The resort encompasses a 46 hectare site with Aquaventure, the 17 hectare waterpark,   an open-air marine habitat called the Ambassador Lagoon which effectively stretches into the bowel of the hotel, the Lost Chambers, a maze of underground tunnel Atlantean tunnels complete with park rangers, a pleasant stretch of beach looking in to the Dubai skyline, a dolphin park, luxury boutiques and some very fancy jewellers (including Tiffanys), several restaurants with four celebrity chef outlets, a jazzy nightclub, a  good spa  and 5,600 square metres of meeting and function space.

All bedrooms have a view of either the Arabian gulf, the Palm Jumeirah or Aquaventure.

Most of the bathrooms have sliding wooden fretwork doors, allowing you to observe the view from  your tub.  Bathrooms tend to be pretty special even in the more basic rooms in the Atlantis, keeping up the fantasy-and-water theme.

For the better-heeled visitor, the hotel offers the Bridge Suite, spanning the two towers; a private lift takes you to your three bedroom accommodation 22 storeys above ground level, with sensational views of the city and the gulf, as well as a host of special pampering services.

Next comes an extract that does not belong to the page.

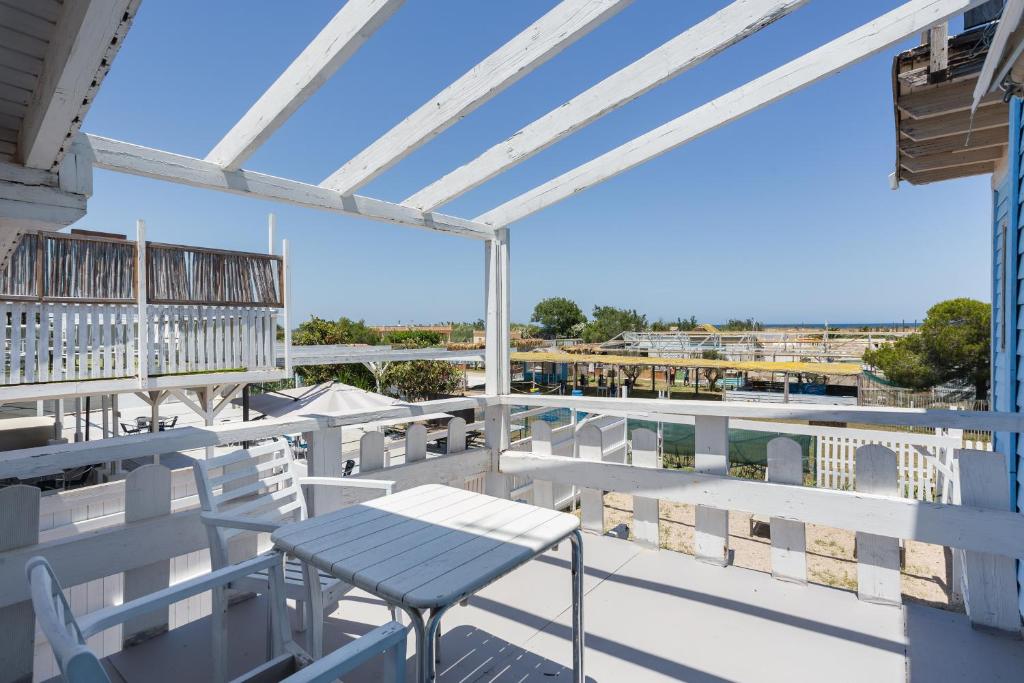 a patio with a table and chairs on a balcony at Oliwood Beach - Gran Hotel in Playa Oliva Nova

The suite has a dining table seating 18 which is decorated with gold leaf.

The big novelty accommodation in the hotel is the two Lost Chambers suites, three stories high with two floors offering windows directly on to the undersea world of the Ambassador Lagoon, effectively a giant fishbowl in the centre of the hotel.  The real treat here is to have a bath in your pedestal jetted tub as you peer into the fishbowl, looking at sharks, stingrays and even a baby whale swimming by in a setting designed to look like the lost city of Atlantis.

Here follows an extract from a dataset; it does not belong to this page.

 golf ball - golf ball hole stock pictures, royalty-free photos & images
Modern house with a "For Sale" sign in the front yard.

Hotel staff say that when these suites are occupied, divers feeding or treating the fish are not allowed in to the lagoon so you can have that bath  experience in peace.

Even a walk down the almost museum-like corridors of the hotel contribute to the feeling of participating in a playful fantasy. The Atlantis theme is carried through to the plasterwork, the light fittings, the decor around the lifts.  You seem to find thrones for forgotten seagods everywhere, with tourists eagerly queueing to get their pictures taken sitting on them.

Feeding time for the 65,000 fish and sea creatures is almost as popular with the humans who swarm to the two-storey high viewing windows as with the fish.

The marine life is managed by a team of 165 veterinarians, biologists, divers, laboratory staff and curators,

Aquaventure offers heartstopping slides.  Climb to the top of the Ziggurat, a  30m high Mesopotamian-styled tower to do the Leap of Faith, a near-vertical drop into the plunge pool below.  Not for me, thank you, but I can appreciate the attraction for those trying to test out their hearts.  Far more appealing is the Shark Attack, which starts a mere 13 metres high spinning you in an inflatable tube through a perspex tunnel in a shark filled pond.

A swim in the pool in front of the hotel permits a survey the scale of the structure, and also an  examination of  the city skyline.

The Atlantis is amusing and imaginative,  rather than  stately, brash or vulgar. It may not grace the covers of architectural magazines, but the designers sure made it a fun place.